Liquidity Add-Ons

There are two liquidity add-ons:

  • Liquidity Schedule: Provides an estimate of how quickly you could liquidate your portfolio.

  • Liquidation Cost Summary: Provides an estimate of how much it would cost to liquidate your portfolio.

In both cases, the analysis relies on various assumptions.

Liquidity Schedule

The liquidity schedule indicates how quickly you could liquidate your portfolio if you could sell 100% or 20% of the average daily volume in each security, each day. It is very unlikely that you could sell 100% of the total market volume (or sell that much without significantly moving the price), but using 100% of average daily volume has become a standard metric. It is probably more useful for reporting to investors, who might be comparing different funds, or for tracking changes in liquidity over time. While 20% of average daily volume is more reasonable than 100%, there is no guarantee that you will be able to liquidate 20% of average daily volume, either. Using 20% of average daily volume has also become a standard metric.

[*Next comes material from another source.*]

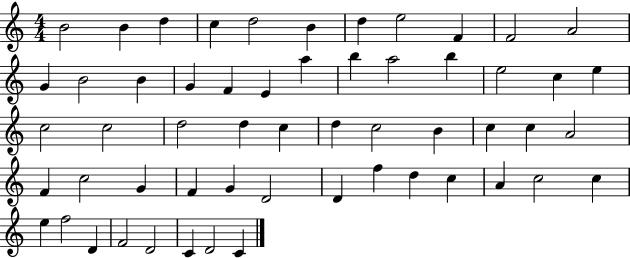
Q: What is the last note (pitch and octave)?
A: C4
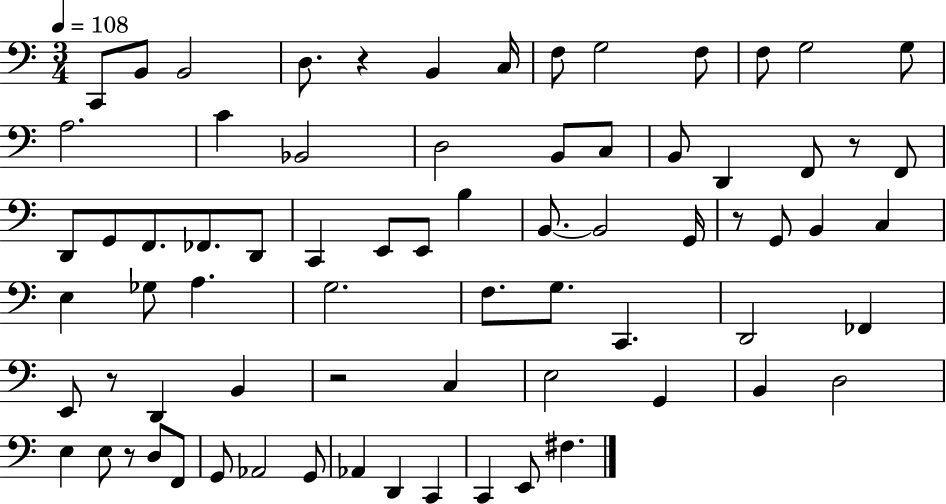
C2/e B2/e B2/h D3/e. R/q B2/q C3/s F3/e G3/h F3/e F3/e G3/h G3/e A3/h. C4/q Bb2/h D3/h B2/e C3/e B2/e D2/q F2/e R/e F2/e D2/e G2/e F2/e. FES2/e. D2/e C2/q E2/e E2/e B3/q B2/e. B2/h G2/s R/e G2/e B2/q C3/q E3/q Gb3/e A3/q. G3/h. F3/e. G3/e. C2/q. D2/h FES2/q E2/e R/e D2/q B2/q R/h C3/q E3/h G2/q B2/q D3/h E3/q E3/e R/e D3/e F2/e G2/e Ab2/h G2/e Ab2/q D2/q C2/q C2/q E2/e F#3/q.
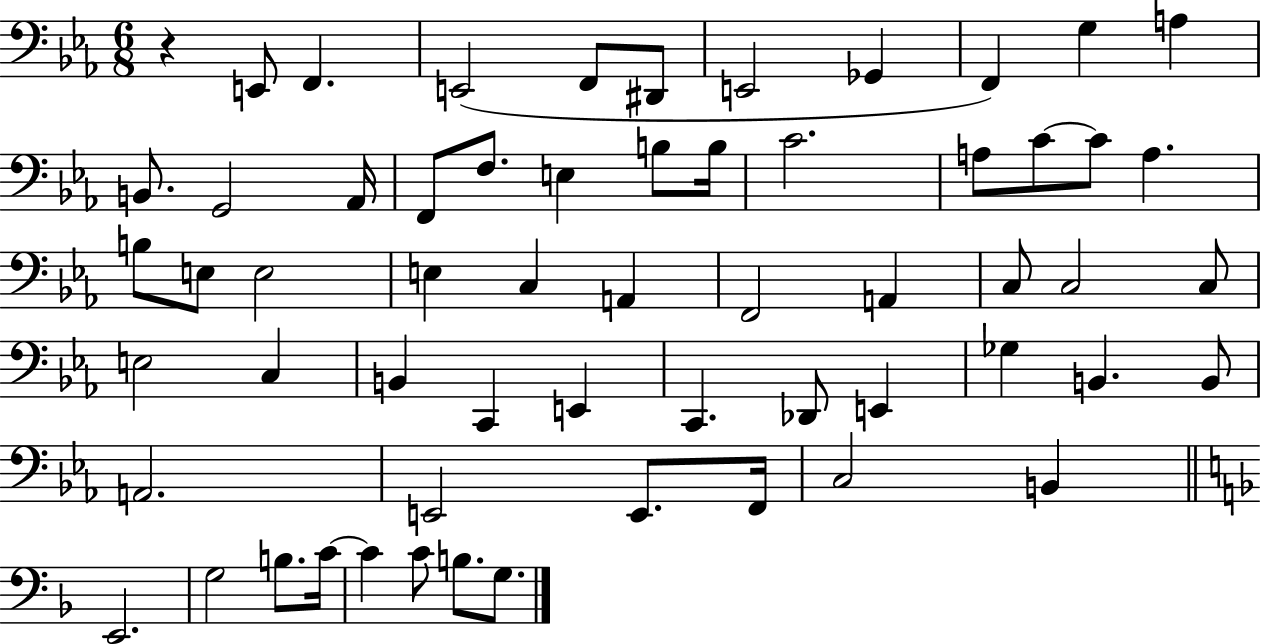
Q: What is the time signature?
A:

The add-in tells you what percent of the gross delta-adjusted exposure could be sold. The table also indicates how much of the portfolio would remain unliquidated at the end of 20 days. The “no data” row indicates how much of the portfolio is not being included in the analysis because the securities are missing average daily volume data.

Liquidation Cost Summary

The liquidation cost summary indicates how much it would cost you to liquidate your portfolio. The analysis is based on the liquidation cost of each security, which assume a cost equal to half the bid-ask spread.

In the liquidation cost summary, each position falls into one of four buckets,

  • Based on Security Bid/Ask: We have a current bid and ask price for the security.

  • Based on Model Bid/Ask: The bid ask price is based on the underlying security or a model based on historical analysis.

  • No data: We do not have a current bid and ask from the market or a model estimate. These positions are not assigned any cost in the report.

  • Cash: There is no liquidation cost for cash. Cash, by definition, is already liquidated.

For more on liquidity risk in general, see Quantitative Financial Risk Management, Chapter 9, by Michael B. Miller (2019).